A Ty miewasz takie niskie?
Raczej rzadko bo nie pozwalam. Ale bywały. Raz złapał mnie taki na autostradzie i zero miejsca na kupienie czegoś do jedzenia.
Gdybyś był kobietą powiedziałabym - noś kilka cukierków w torebce. A może w Twojej saszetce na dokumenty znajdzie się odrobina miejsca na cukierki?
W obu autach którymi jeżdżę mam lodówki. A w nich jakiś wafelek zawsze jest no i cola.
To się ciesz, ze nie jestes jak prezes - zespol napiecia przedmiesiaczkowego chyba ma? Wczoraj chory, a dzis zasuwal na miesiecznicy jak maly czolg.

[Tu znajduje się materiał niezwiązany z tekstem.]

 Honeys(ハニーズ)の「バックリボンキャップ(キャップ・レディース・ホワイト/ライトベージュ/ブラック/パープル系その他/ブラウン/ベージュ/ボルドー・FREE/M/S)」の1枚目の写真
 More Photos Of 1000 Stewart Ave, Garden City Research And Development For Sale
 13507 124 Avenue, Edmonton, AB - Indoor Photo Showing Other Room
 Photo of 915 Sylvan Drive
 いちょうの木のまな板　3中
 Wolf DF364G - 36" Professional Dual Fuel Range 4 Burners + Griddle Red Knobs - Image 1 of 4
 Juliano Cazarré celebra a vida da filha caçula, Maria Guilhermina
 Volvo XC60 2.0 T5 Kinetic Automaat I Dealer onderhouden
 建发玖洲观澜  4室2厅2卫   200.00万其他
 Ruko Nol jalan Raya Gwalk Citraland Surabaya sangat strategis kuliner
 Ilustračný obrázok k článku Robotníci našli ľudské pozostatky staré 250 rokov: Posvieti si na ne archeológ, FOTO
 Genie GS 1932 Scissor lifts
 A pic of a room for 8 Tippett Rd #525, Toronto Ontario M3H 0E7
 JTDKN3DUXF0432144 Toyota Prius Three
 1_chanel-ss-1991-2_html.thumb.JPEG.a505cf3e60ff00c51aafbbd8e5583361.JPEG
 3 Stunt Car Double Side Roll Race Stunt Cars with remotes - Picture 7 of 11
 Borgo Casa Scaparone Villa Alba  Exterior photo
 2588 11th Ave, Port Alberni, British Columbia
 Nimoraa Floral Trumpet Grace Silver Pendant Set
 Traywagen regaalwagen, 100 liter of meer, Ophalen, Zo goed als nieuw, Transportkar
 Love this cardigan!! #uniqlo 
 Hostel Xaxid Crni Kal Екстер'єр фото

https://www.google.com/amp/s/www.tokfm.pl/Tokfm/7,103087,27788046,miesiecznica-smolenska-wazniejsza-niz-sejm-prezes-wyzdrowial.amp
Czyli, że radzisz sobie. Ja nie mam lodówek i musi mi wystarczyć torebka
Choroba psychiczna nie zawsze może doskwierać. Może 2 biegunówkę ma? A swoją drogą już dawno pisałem że złapali go na onkologii w Bydgoszczy. Pytanie po co?
To już wiem, skąd u niego humorki. To PMS.
Dużo aut ma możliwość lodówki. W T5 takim do wyjazdów wakacyjnych kupiłem lodóweczkę a w C300 była w wyposażeniu.
Nie trzeba miec cukrzycy, wystarczy nie zjesc sniadania i pognac w swiat.
Cukier zjezdza w tempie ekspresowym. Ja na wszelki wypadek cukierki w torebce noszę. Albo batonik energetyczny z sezamem. Czekolada odpada bo za cieplo.
Dla tego mam lodówkę. A czekolada… słonko czekolada bardzo wolno podnosi cukier. Szybciej własnie sezamki.